Thankfully, the low inflation challenge may be almost over. We expect the combination of continued strong local growth and higher commodity prices to see CPI inflation edge higher in 2017. We expect this to also mean that the RBNZ’s next cash rate move is likely to be up, although our central case does not have hikes until 2018. Having had CPI inflation below target for five years, we think the RBNZ may be quite cautious about lifting rates. Adding to the policy uncertainty, housing affordability is expected to be in focus at this year’s election (which needs to be held before 18 November) and RBNZ Governor Wheeler’s current term is due to end on 25 September.

The construction boom is leading the way

New Zealand’s economy has several pillars supporting growth at the moment, but the strongest is construction (Chart 1). GDP grew by 3.5% over the year to Q3 2016, of which 0.7ppts were contributed by the construction sector – more than any other sector and well ahead of the next biggest contribution of 0.5ppts from professional services.

The rebuild of the Canterbury region, following major earthquakes in 2010 and 2011, has been a key driver of construction activity in recent years. At a total estimated cost of NZD40bn, this is a significant project that will likely span a decade or longer. The residential part of the rebuild drove a lot of the growth from 2012 to 2014, but this activity has since plateaued and residential consent issuance has begun to level out (Chart 2). The commercial and public aspects of the rebuild, which took longer to get going, are still ramping up but are also likely to peak soon. From 2017 onwards the Canterbury rebuild is likely to become a small drag on growth, as we are now past the peak of its impact on the economy.
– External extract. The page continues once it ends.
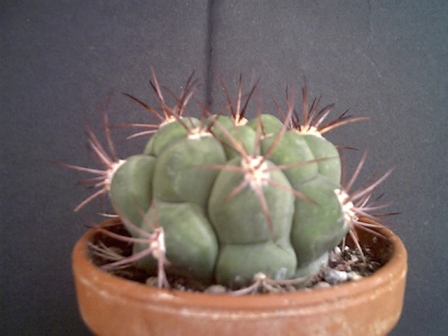 Gymnocalycium Pflanzii 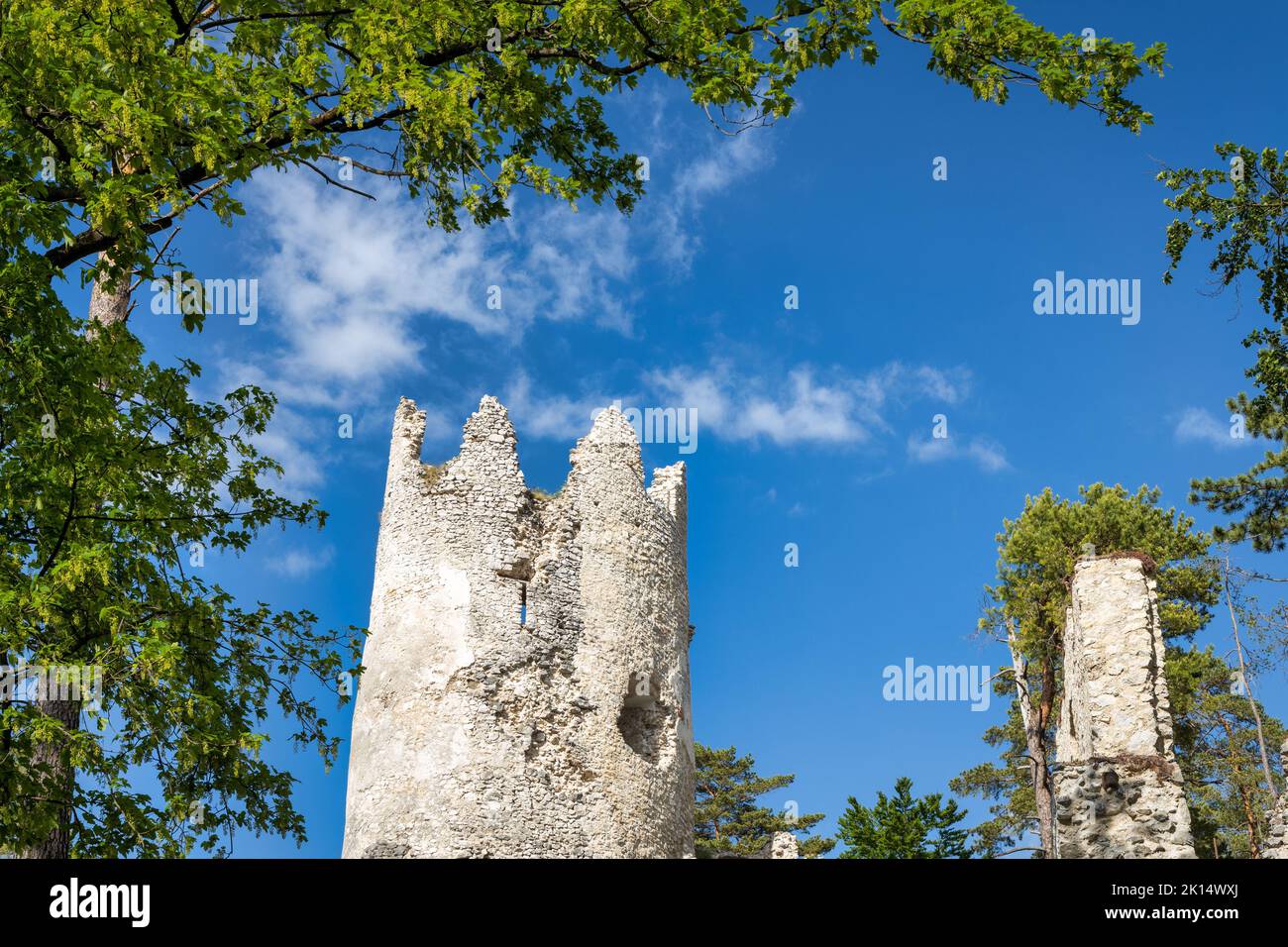 Il Castello di Blatnica, rovine di un castello medievale carpazi nel nord della Slovacchia, Europa. Foto Stock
As the rebuilding activity starts to wane in Canterbury, building work is expected to continue to grow quickly in other parts of the country. In particular, residential construction is ramping up quickly in many regions in response to New Zealand’s strong rate of population growth. This has been centred on Auckland, where around half of new migrants settle. Residential consent issuance in Auckland passed 10,000 in 2016, up from 3,700 in 2011 (Chart 3).
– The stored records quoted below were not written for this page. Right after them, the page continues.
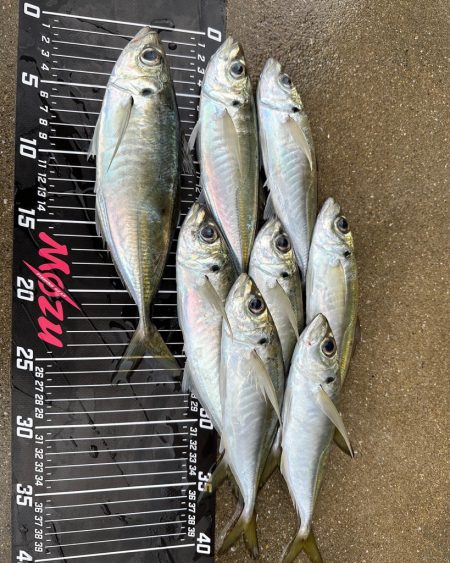 朝マズメチャレンジ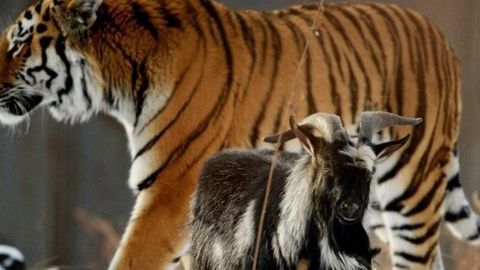 MDHlik bolalar o‘rtasida Primoryedagi Amur va Timur yashaydigan safari bog‘ga sayohat o‘ynalmoqda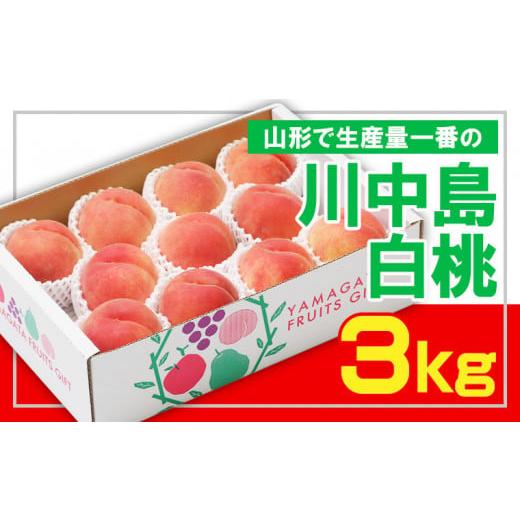 ふるさと納税 もも 山形県 山形市 フルーツ王国山形 白桃 秀品3kg 山形で生産量1番の 川中島白桃 令和8年産先行予約 FS23-825 くだもの 果物 フルーツ 山形 …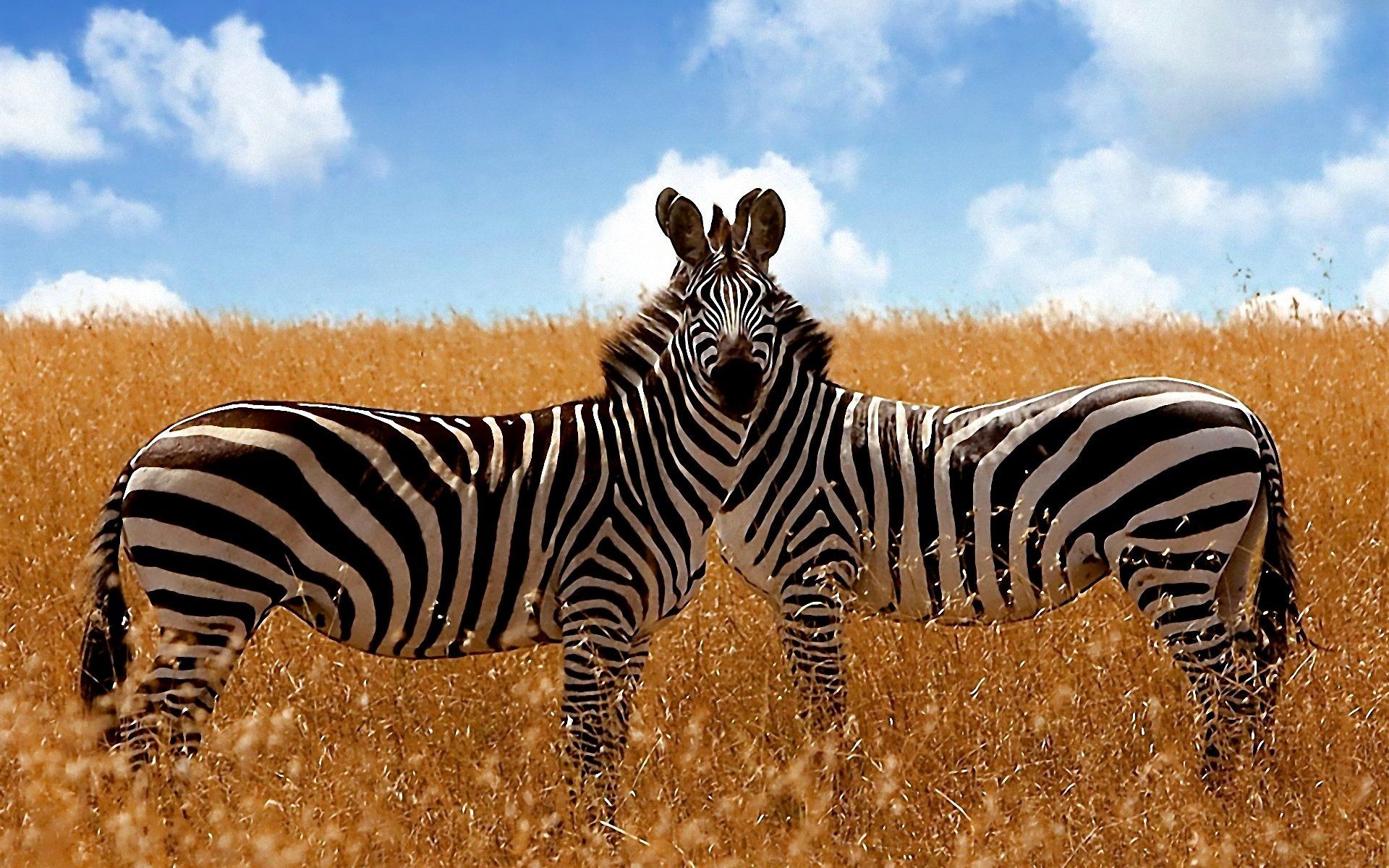 Savanna Zebra Wallpaper » WallDevil - Best free HD desktop and ...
Importantly, despite strong growth in housing construction in Auckland, new building has not kept pace with strong demand due to rapid population growth. On our estimates, Auckland’s current population growth is so strong that we estimate the region would need to add at least 17,000 new dwellings annually just to keep up (Chart 4). There is also an accumulated deficit, resulting from the slow pace of construction in recent years, which we conservatively estimate at around 35,000 dwellings. In our view, there is plenty of scope for building to ramp up much further in Auckland as much more housing is needed.

The road to greater housing supply was opened in 2016 with the approval of the Auckland Unitary Plan, which released new land for development and allows for increased density in many existing areas. The plan aims to deliver over 400,000 new dwellings over the next 25 years, which would increase the existing stock by around 85%. Urban expansion on this scale also requires significant investment in infrastructure to improve transport links and open up new land for development (the Auckland Unitary Plan expands the amount of land within the urban boundary by around 30%). Early work on the NZD2.5bn city rail link has now begun, but significantly more work will be needed over the coming decade.
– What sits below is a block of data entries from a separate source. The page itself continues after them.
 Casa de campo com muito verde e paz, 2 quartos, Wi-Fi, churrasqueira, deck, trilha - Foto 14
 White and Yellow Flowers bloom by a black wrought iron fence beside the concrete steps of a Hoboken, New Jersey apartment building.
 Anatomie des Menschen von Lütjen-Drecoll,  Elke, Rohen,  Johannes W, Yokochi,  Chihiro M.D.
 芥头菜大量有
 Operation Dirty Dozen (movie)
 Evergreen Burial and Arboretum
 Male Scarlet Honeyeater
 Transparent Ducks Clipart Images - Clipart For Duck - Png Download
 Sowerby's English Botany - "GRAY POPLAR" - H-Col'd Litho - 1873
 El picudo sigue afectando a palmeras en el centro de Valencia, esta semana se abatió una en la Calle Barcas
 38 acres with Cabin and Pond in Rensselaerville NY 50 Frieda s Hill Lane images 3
There has also been a strong pick-up in housing approvals outside of Auckland and Canterbury. This is partly being driven by reduced housing affordability in Auckland, which is encouraging new migrants to settle in other regions.

Tourist numbers continue to climb

New Zealand’s tourism industry is booming. Short-term visitor numbers rose by 12% over the year to November 2016, which follows annual growth of 10% in 2015 and 5% in 2014 (Chart 5). Arrivals numbers have been largely driven by visitors from Australia (up by 6% y-o-y or 75,000 people) and China (19% y-o-y or by 65,000 people).

The lift in visitor arrivals is, however, quite broad-based. Almost every significant market showed double-digit percentage growth in 2016. Korean arrivals were up 31% and Japanese numbers rose by 15%. The story is not even a purely Asian one – Canadian arrivals were up 13% and US arrivals by 18%, making the American market comfortably the third largest market for visitors.

While the lift in Chinese visitors is, in part, being driven by the structural story of rising incomes, an expanding middle class and greater appetite for international travel, there appear to be other factors at work. New Zealand is also benefitting from the more competitive NZD, lower airfares, and the country’s positive reputation, including for security and safety.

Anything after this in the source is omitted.